- Exercise brief
Beginning with the first line, transcribe the entries below exactly through the line containing "Plant print, Home", inclusive.

- Provided data
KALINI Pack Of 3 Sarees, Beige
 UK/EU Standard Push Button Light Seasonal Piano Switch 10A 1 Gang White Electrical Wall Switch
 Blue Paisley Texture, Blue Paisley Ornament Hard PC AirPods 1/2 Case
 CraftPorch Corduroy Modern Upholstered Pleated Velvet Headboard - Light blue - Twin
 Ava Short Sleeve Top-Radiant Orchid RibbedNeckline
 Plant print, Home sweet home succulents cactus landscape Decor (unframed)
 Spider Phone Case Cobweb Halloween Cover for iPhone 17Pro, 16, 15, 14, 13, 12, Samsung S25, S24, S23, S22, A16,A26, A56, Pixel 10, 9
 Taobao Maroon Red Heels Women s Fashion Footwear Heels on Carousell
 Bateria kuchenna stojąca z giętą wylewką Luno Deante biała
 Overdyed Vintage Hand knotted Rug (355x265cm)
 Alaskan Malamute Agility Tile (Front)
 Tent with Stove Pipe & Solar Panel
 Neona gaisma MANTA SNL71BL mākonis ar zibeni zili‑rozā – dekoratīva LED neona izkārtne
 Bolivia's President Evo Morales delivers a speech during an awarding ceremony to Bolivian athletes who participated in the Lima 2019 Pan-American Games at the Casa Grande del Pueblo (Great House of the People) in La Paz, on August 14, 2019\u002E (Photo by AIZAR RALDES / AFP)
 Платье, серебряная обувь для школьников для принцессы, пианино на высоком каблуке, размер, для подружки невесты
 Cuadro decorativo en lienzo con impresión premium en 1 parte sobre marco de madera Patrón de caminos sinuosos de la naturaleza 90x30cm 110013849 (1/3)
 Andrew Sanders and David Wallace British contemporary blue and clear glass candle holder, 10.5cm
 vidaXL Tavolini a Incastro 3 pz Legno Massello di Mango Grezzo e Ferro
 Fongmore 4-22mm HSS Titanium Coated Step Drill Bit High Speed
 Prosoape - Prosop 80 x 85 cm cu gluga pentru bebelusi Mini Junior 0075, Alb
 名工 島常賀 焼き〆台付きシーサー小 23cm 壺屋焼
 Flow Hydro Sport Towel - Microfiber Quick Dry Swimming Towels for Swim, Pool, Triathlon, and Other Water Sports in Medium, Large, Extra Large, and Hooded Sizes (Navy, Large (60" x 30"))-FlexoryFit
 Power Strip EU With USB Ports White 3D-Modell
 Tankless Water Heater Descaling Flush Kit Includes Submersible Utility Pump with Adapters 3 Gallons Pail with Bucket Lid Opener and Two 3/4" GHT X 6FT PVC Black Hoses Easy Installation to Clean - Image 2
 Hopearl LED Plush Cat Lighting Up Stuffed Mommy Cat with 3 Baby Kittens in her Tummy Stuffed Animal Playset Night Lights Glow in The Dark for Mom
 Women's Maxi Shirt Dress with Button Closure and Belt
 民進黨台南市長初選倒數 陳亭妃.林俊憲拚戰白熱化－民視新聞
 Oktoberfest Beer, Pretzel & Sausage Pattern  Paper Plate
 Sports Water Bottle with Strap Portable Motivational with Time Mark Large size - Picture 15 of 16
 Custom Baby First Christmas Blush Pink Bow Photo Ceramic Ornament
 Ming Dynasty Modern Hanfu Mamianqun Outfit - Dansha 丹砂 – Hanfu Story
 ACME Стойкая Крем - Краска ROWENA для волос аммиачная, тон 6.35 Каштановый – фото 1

- Exercise solution
KALINI Pack Of 3 Sarees, Beige
 UK/EU Standard Push Button Light Seasonal Piano Switch 10A 1 Gang White Electrical Wall Switch
 Blue Paisley Texture, Blue Paisley Ornament Hard PC AirPods 1/2 Case
 CraftPorch Corduroy Modern Upholstered Pleated Velvet Headboard - Light blue - Twin
 Ava Short Sleeve Top-Radiant Orchid RibbedNeckline
 Plant print, Home sweet home succulents cactus landscape Decor (unframed)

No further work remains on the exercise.